Ik ben een onredelijk mens. Het leek me verstandig om dit gras voor uw voeten weg te maaien, voordat ik begin de wereld opnieuw te verdelen over de vraag waarom sommige dieren gelijker zijn dan andere. Deze verdeling van de wereld wordt overigens niet door mij veroorzaakt, hij is er al. Tot nog toe in betrekkelijk vreedzame co-existentie, ‘we’ zullen elkaar nooit begrijpen, maar omdat er aan deze kloof geen momenten en geen feestdagen verbonden zijn, was het niet zoals bij Zwarte Piet dat je er donder op kon zeggen dat het ieder jaar rond dezelfde datum raak zou zijn. We, dat zijn de honden- en poezenmensen. En er zijn natuurlijk wel privileges, poezen mogen lekker vrij rondlopen, en honden gelukkig niet.
De laatste keer dat er serieus (en figuurlijk) het vuur op de poezen werd geopend, was door Jonathan Franzen die in 2010 Freedom publiceerde, naar verluidt de enige roman met een subplot over het doden van katten.

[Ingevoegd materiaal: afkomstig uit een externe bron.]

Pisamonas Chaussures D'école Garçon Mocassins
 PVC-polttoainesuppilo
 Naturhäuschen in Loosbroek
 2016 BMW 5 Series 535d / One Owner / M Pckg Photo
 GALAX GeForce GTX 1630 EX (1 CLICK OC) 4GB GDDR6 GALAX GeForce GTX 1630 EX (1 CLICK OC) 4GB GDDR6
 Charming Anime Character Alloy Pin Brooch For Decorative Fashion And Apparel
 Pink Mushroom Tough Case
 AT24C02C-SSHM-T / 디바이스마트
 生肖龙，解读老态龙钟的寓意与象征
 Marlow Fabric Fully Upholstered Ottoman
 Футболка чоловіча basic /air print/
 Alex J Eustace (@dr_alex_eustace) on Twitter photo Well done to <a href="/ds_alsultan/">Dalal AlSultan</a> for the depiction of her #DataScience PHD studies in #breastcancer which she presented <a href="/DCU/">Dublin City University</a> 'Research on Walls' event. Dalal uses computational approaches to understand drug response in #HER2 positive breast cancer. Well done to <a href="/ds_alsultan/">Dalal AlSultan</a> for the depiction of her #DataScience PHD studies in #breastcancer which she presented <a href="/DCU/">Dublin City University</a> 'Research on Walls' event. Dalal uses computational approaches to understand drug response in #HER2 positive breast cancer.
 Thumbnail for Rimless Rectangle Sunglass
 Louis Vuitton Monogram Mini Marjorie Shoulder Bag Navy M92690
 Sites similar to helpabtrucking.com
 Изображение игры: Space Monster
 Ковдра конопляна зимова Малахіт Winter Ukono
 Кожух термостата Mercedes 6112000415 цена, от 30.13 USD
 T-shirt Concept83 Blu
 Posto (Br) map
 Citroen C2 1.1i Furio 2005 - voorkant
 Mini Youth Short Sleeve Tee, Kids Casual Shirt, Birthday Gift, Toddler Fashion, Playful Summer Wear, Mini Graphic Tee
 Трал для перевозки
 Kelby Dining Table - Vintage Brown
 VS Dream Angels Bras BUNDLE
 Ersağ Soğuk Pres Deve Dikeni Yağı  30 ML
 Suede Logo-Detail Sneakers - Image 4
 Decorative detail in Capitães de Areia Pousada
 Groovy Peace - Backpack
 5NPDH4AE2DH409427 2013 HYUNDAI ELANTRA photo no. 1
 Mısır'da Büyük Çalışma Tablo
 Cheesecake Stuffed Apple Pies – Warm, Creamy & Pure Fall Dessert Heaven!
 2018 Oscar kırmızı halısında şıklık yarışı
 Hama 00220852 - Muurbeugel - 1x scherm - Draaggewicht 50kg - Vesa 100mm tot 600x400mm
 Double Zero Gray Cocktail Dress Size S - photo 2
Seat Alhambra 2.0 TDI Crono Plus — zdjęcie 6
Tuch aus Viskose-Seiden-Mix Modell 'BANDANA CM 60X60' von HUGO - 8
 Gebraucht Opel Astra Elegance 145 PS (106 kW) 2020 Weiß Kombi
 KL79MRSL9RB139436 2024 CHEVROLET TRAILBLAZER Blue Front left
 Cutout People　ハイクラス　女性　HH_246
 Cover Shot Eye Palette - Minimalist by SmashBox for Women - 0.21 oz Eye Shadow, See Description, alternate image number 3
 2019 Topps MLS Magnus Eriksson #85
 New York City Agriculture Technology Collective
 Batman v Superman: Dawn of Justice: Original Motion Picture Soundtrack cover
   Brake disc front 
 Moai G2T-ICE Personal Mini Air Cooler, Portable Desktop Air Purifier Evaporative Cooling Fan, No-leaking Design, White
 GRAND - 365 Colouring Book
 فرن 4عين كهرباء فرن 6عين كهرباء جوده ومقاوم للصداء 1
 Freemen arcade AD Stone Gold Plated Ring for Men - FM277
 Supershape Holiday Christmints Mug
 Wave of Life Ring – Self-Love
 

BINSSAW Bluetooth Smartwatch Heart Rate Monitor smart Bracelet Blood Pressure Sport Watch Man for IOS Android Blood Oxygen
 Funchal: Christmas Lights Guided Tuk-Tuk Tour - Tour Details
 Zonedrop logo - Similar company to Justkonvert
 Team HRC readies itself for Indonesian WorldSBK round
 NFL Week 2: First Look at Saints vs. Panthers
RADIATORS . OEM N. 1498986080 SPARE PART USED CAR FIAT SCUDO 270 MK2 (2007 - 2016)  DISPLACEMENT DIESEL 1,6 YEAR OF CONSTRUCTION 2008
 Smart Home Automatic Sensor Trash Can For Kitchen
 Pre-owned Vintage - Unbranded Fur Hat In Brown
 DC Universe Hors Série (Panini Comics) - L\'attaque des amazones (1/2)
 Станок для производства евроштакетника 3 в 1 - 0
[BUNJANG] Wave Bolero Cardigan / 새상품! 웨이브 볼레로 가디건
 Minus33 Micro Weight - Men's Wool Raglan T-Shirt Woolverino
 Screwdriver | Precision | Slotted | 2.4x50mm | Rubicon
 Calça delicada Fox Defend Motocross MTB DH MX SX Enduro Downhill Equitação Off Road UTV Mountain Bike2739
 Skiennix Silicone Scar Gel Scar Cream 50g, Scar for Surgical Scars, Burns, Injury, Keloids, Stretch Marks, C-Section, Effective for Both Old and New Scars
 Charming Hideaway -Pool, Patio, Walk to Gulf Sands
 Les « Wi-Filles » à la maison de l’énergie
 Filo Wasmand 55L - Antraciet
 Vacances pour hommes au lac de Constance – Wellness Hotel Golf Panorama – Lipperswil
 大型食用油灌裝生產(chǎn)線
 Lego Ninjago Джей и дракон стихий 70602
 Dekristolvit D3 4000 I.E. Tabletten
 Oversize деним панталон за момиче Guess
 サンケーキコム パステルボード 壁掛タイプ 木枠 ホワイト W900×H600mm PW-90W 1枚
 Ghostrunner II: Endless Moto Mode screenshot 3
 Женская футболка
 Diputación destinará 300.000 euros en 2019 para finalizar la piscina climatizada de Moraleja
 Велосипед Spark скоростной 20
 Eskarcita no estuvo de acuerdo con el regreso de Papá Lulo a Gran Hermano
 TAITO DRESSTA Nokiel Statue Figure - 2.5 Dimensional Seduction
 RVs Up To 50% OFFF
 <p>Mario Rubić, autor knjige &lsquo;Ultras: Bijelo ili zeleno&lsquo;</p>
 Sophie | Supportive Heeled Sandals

Franzen behoort tot de niet zeldzame categorie schrijvers die van vogels houden, en tot de wel zeldzame categorie schrijvers die niet van katten houden. Gelukkig is Franzen een intellectueel, en hoeveel schade kunnen die tegenwoordig nou nog aanrichten, maar nu verscheen er vorige week een artikel in de Journal of Environmental Law van de juristen Arie Trouwborst en Han Somsen waarin ze stellen dat het niet aangelijnd naar buiten laten van de poes in strijd is met de wet natuurbescherming die weer de Europese richtlijn voor natuurbescherming volgt. De poes moet net als de hond aan de lijn, want – meesterlijke zin uit het artikel hierover in de Volkskrant: ‘Katten hebben sowieso niet echt een positief effect op vogels.’ Het wachten is op een besluit van het kabinet en ik verheug me op een Malieveld vol gemauw.